So yes, somebody told all of us about this idea, and we have come to believe in its power based in its brilliant success in transforming life.
Believing something does not exist because we cannot see it is unreasonable.
Yes, but that's not what skeptics do.
This seems to be an impossible idea to conceive for many believers posting on RF - the difference between unbelief (not believing) and disbelief (believing not). I have yet to read one such poster, following an
aha moment, write, "OK, now I see what you mean. There's a position that is neither believing something is true nor believing it is false called 'I don't know,' but I never saw that before today."
If God is spirit and we cannot detect spirit or do not know if we have detected it or not, then not detecting does not mean that a spirit does not exist.
Agreed. But unless it impacts our reality in some manner, its possible existence is irrelevant. Unless the idea is needed to explain some observable phenomenon, which is what detectable means, it has no utility. It explains and predicts nothing. Such ideas should be discarded, not accumulated. No god belief has any value except in those who find comfort there. For those comfortable without a god belief or a religion, the idea is useless, and for some, notwithstanding Pascal and his wager, costly.
Unreasonable is when you contradict the rules of reason. I can make a reasonable choice that God exists, reasonable meaning that it is possible given everything we know.
Your rules of reason are not those of academia and philosophy and do contradict the rules of reason. It is not reasonable by that system of reckoning to believe anything on the basis of something not being known to be impossible.
belief in something I have evidence for is reasonable.
Not if the belief isn't a sound conclusion derived from that evidence using the rules of reasoning (inference). People use the word reasonable to mean that some belief feels right to them, but that's not what a logician means by reason.
it's detectable to those it communicates with and who listen and talk back, and this would be the same with other spirits also.
I don't doubt that people have experiences that they interpret as communicating with spirits, but I have no reason to believe that they are correct and a very good one to think that they aren't. I was fooled that way once myself, misunderstanding what was later revealed to be the euphoria generated by a charismatic initial preacher following my conversion to Christianity in the early seventies, which I understood as the Holy Spirit.
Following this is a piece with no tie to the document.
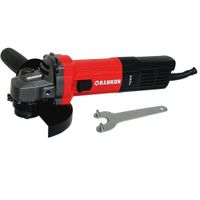 Esmeril Angular De 5 Rankor 1100w RAG110001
I left this congregation following discharge from the Army, returned to California, and tried about a half-dozen lifeless congregations, which was the evidence I needed to see that there was no Holy Spirit involved, who would have followed me to California - just a gifted religious orator.
Now, I understand others telling me that gods speak to them to be experiencing something created by their brains and misunderstood as a received, external voice.
no doubt some people start to feel that you and other skeptics must be right and that they are inferior if they have a belief in God.
Not inferior people, but rather, people relying on an inferior method for deciding what is true about the world. I went through that myself when I rejected faith, meaning considered it an inferior epistemology, and returned to skepticism and empiricism. I doubted my faith-based beliefs and considered the skeptics, to whose ranks I had just returned, correct.
Faith isn't a path to truth. It's a path to unjustified belief, which are guesses and thus rarely the truth as judged by empirical standards (correlation theory of truth, verificationism).